— SUPPLIED MATERIAL —

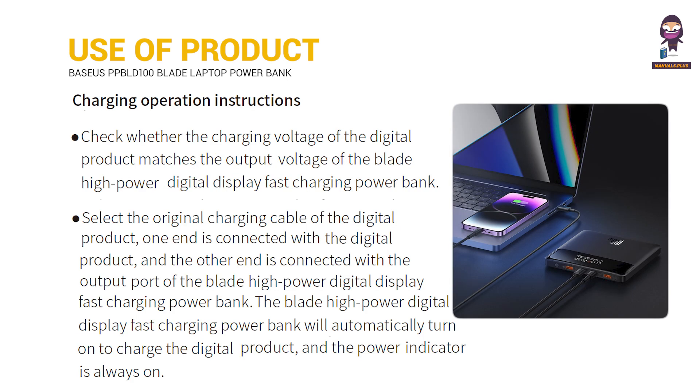Charging Operation Instructions: Check whether the charging voltage of the digital product matches the output voltage of the Blade High Power Digital Display Fast Charging Power Bank. Select the original charging cable of the digital product.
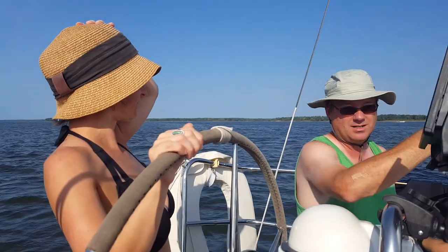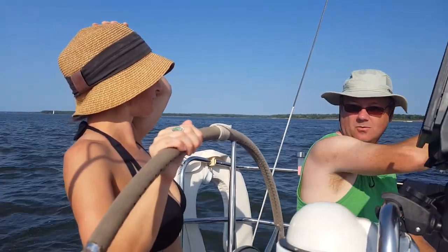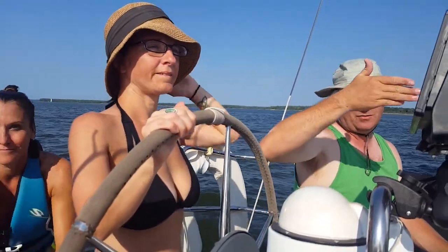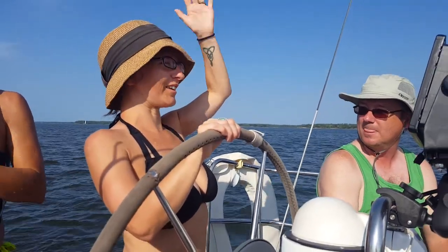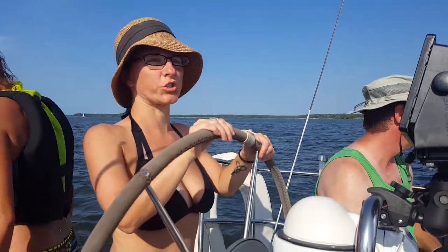So you have to stay away from the wind. If you've got a gust, you want to turn back this way. I'm just using the sand and the landmark — you can go straight through that.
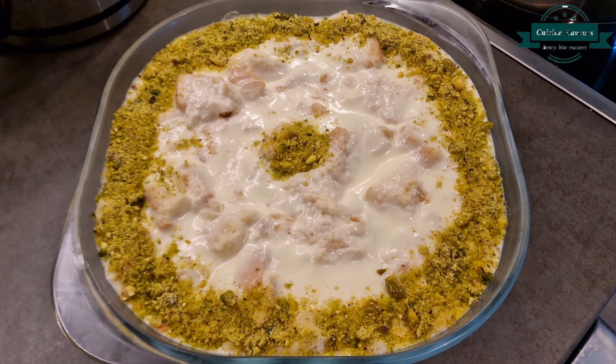Garnish with boiled and ground pistachios and serve.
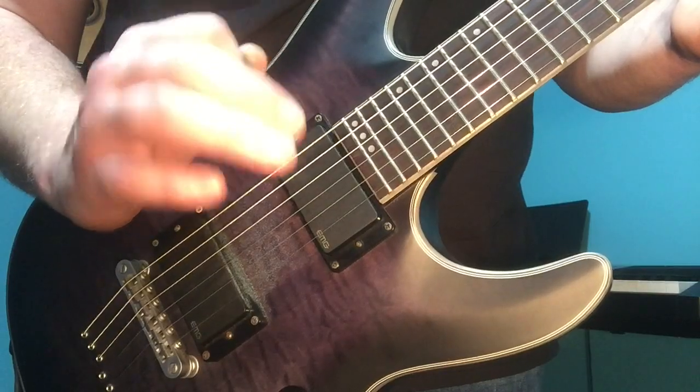Don't ever let anyone tell you there's only one right way. If it's comfortable, doesn't hurt, and sounds good, that's what matters. The way that I personally do it is to rest the heel of my hand on the bridge of the guitar and then let my wrist do the work for the tremolo picking. Or you could put your pinky and your ring finger on the guitar to anchor yourself.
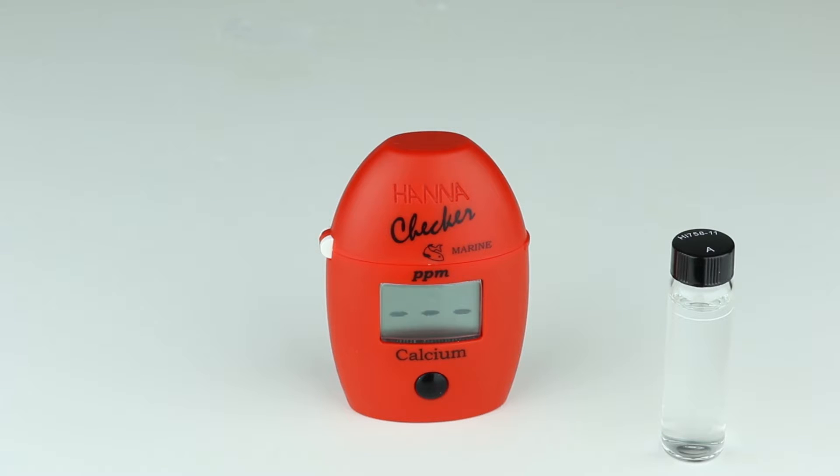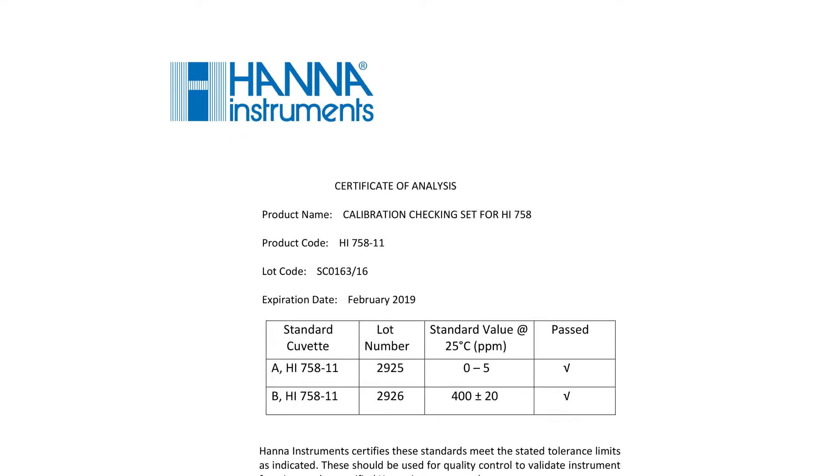Reagent addition is not necessary and the cuvettes can be reused until expired. The meter is considered operational if the result is within plus or minus 6% of the value stated on the included Certificate of Analysis.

— EXERCISE DETAILS —
Would you copy all the material exactly, dropping the pictures?

— TASK OUTPUT —
Charging Operation Instructions: Check whether the charging voltage of the digital product matches the output voltage of the Blade High Power Digital Display Fast Charging Power Bank. Select the original charging cable of the digital product.
So you have to stay away from the wind. If you've got a gust, you want to turn back this way. I'm just using the sand and the landmark — you can go straight through that.
Garnish with boiled and ground pistachios and serve.
Don't ever let anyone tell you there's only one right way. If it's comfortable, doesn't hurt, and sounds good, that's what matters. The way that I personally do it is to rest the heel of my hand on the bridge of the guitar and then let my wrist do the work for the tremolo picking. Or you could put your pinky and your ring finger on the guitar to anchor yourself.
Reagent addition is not necessary and the cuvettes can be reused until expired. The meter is considered operational if the result is within plus or minus 6% of the value stated on the included Certificate of Analysis.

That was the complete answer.